'Astongate': Aston Martin promises review of controversial EV report

Aston Martin boss promises to investigate circumstances surrounding report on the carbon footprint of electric vehicles and internal combustion engine cars at the heart of ‘astongate’ accusations

Aston Martin chief executive Tobias Moers has promised the company will undertake a review of the circumstances that led to the publication of a controversial report accused of downplaying the environmental benefits of electric vehicles (EVs) which was allegedly produced by a PR company registered to the home of one of the auto brand’s executives.

In an emailed statement, Moers said that the document had been commissioned prior to his appointment at the helm of the British carmaker. He added that the firm would now investigate how the report at the centre of the lobbying scandal had come about.

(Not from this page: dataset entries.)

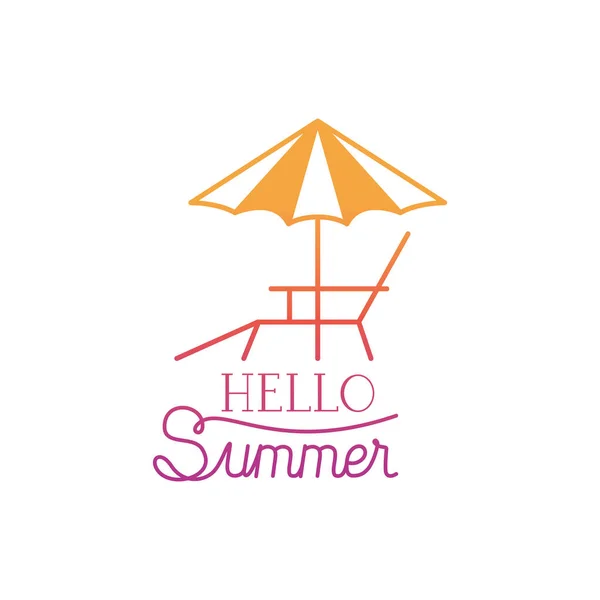 Hello summer label with coloring image — стоковый вектор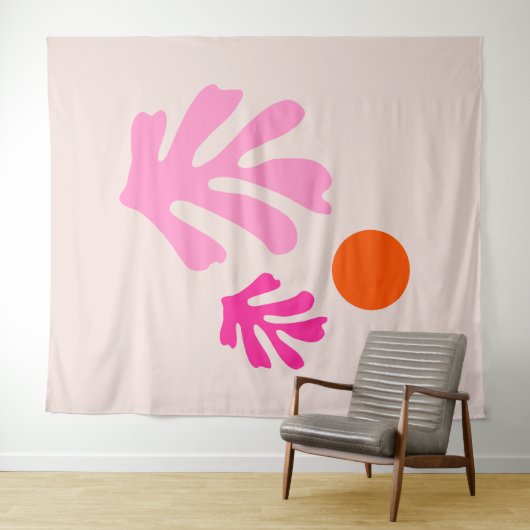 Abstrakte Blätter Rosa Orange Moderne Formen Schni Wandteppich (Beispiel (Horizontal))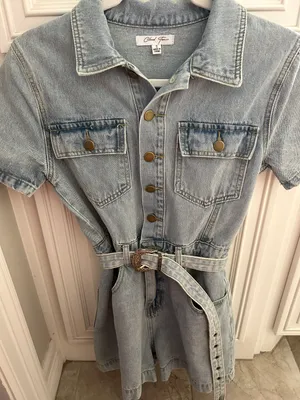 Denim Romper Blue thumbnail 1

“I am concerned about the media coverage relating to the recently published Decarbonisation of Road Transport report,” he wrote. “The company’s participation in the report was initiated prior to me joining the business and I was not aware of the contents prior to publication.

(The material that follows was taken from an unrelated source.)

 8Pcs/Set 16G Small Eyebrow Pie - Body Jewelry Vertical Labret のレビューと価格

“We are conducting a review into the circumstances surrounding the commissioning and publication of the report. Aston Martin is fully committed to the development of both hybrid and battery electric vehicles, which has been facilitated by our recently achieved technology agreement signed with Mercedes Benz AG.”

The report, which lists Aston Martin, Honda, Bosch, and McLaren among its contributors, was slammed by EV researchers for peddling a highly contested claim that EVs had to be driven for 48,000 miles before they delivered lower emissions than a petrol car – meaning that zero emission vehicles would only become ‘greener’ than fossil fuel alternatives after six years. 

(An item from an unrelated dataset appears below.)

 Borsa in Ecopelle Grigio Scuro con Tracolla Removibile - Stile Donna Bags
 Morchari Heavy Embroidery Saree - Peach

The findings were covered by a raft of national newspapers over the weekend before being trashed by industry experts and EV researchers, who pointed to major generalisations and inaccuracies in the study’s calculations of lifecycle emissions for an EV and comparable internal combustion engine car that had the net result of downplaying EVs’ green credentials.

The report then attracted further controversy when it was revealed that the public relations firm that worked on the report, Clarendon Communications, is registered in the name of the wife of James Stephens, Aston Martin’s director of government and external affairs.

There have been growing calls for the companies behind the report to provide greater clarity about who commissioned, designed, and produced the analysis.

Today’s update from Moers comes just days after an Aston Martin spokesperson told BusinessGreen that the company had no “formal links” to Clarendon Communications and emphasised the PR agency had been “contracted to another report contributor”.

Bosch confirmed ealier this week that it had commissioned the study “alongside Honda, Optare, Aston Martin and McLaren with industry members including LowCVP and the RTFA”.